À volta de um quadro
IMAGINAR, IMAGINAR... É o artista, é o escritor, é o leitor... Um convite a apreciar este texto de um amigo que gosta de dar relevo à palavra. AH
UMA NOITE NA ÓPERA
O quadro seduz-me, não pela minha capacidade de o observar como perito em pintura, tão pouco pela capacidade crítica de o analisar, que não tenho.
Atrai-me porque vejo nele mão de mestre: pela harmonia, pelas cores, pelo desenho das figuras, pela reprodução da proporcionalidade, pela força das ideias que pretende imprimir e transmitir, pelo equilíbrio, pelo talento que se adivinha sair do pincel.
Interpretá-lo, numa perspectiva crítica e análise de pormenor?
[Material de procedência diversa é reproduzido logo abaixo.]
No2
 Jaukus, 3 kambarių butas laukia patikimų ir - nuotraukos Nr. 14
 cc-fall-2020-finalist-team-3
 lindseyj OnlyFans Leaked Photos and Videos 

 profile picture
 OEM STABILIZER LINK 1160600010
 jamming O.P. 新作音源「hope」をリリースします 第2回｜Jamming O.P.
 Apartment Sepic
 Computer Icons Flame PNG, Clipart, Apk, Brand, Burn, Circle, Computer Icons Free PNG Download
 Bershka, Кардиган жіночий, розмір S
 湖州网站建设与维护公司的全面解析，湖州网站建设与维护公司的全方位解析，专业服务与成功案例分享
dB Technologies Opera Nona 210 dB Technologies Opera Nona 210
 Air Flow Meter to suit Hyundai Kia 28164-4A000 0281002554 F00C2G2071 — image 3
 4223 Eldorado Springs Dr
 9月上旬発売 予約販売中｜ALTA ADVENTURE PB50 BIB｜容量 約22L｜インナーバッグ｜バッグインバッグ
Não se me peça o impossível. Mas dando de bom grado que a este não devemos ceder facilmente, libertar-me-ei de preconceitos para dizer o que penso, o que vejo e o que julgo entender. Até para gáudio do autor que estará muito cioso da criatividade que é dele e que a não pretende partilhar, senão na exposição visual que cede em gesto de contemporização e de gozo íntimo.
Perscruto, visualizo de ângulos variados e reduzo-me ao intérprete da vulgaridade, sem conseguir ir além do que parece evidente para o observador comum.
E que vejo eu? Apenas o que é frequente e habitual para além do espectáculo em si mesmo: o exibicionismo interpretado nas mais diversas formas.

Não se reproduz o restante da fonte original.